伊庭、かっこいいです。ほんと、いい男!強く優しく美しい!
池波さんに主人公にしてもらえると、いい男になれるんだな。きっと。うらやましい。(大野も主人公にして欲しい、とか時代錯誤なことを思ったり)

えーと、お話は慶応元年くらいから、伊庭の死まで。
伊庭歳要素とかは、一切ありません。土方は名前が一度出てきたくらい。戦死しましたよって(笑)
もちろん小太郎とは仲が良いけど登場は少ないです、人見さんもあんまり出てこない。伊庭にくっついて箱館まできた板前の鎌吉は、伊庭ラブでかわいいけれども。
というわけで、結局のところ伊庭だけがかっこいい、という。激しく伊庭マンセー。でも誰かを貶めているわけではないので、最期まで嫌味なく読めます!
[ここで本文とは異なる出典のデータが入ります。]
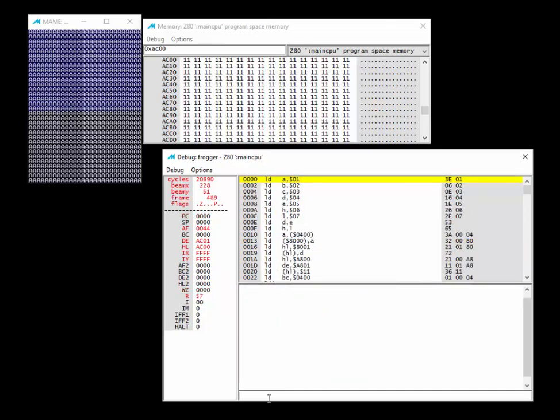Now you've seen these assembly instructions in action and should better understand what was covered in the last lesson. When we come back for the next part of Lesson 5 — which is a huge lesson — we will actually go to altering the Frogger code so we can insert our own code into the startup and give ourselves credits.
さてさて、この伊庭っちは労咳です。それを悟るまでは、剣には見向きもせず学問ばかりしていたのに、己の行く先の短さを知って、急に剣に打ち込みだします。
幕末の混乱期になってからは、残りの命を幕臣としての戦いに捧げようと決めていきるんですが、その生き方がかっこいい。「オラオラオラ、俺は薩長には屈しないぜー!」という熱さはなく、むしろ何もかも悟った上で、静かに己の生き方を通している、という感じ。
だから、恋仲の小稲さんとも遊女と客の関係を崩そうとしないし、自分と結婚しろって話になってた義理妹のつやさんにも何も言わない(これははっきり断ってあげれば、とも思いますが)。そんでもって、己の家がその後も立ち行くようにと、きちんと次の当主になるだろう弟に、剣術の稽古をしっかりつけておく。
何も考えないで、思いのままに突っ走ってるんじゃなくて、死を悟ってる分しっかり死ぬ準備をして出て行く姿が、後を濁さずという感じで潔くてかっこよいのです。ていうか美しい…。

あと、小稲さんの伊庭への想いに泣けるんですよ!
伊庭はずっと小稲の縫った守り襦袢をつけて戦っていたんですが、蝦夷渡航直前、それを鎌吉が小稲にもってきます。それを見て小稲が伊庭の決意を悟ってしみじみと言う台詞が泣けるんです。
いや、言ってることは普通なんですが、なんか取り乱したりしないでしっとりと言う姿がいい…!きっとすごい辛いに違いないのに、自分は伊庭に出会えて幸せだった、ということを伝えるように言って去るという。いい女です、小稲さん。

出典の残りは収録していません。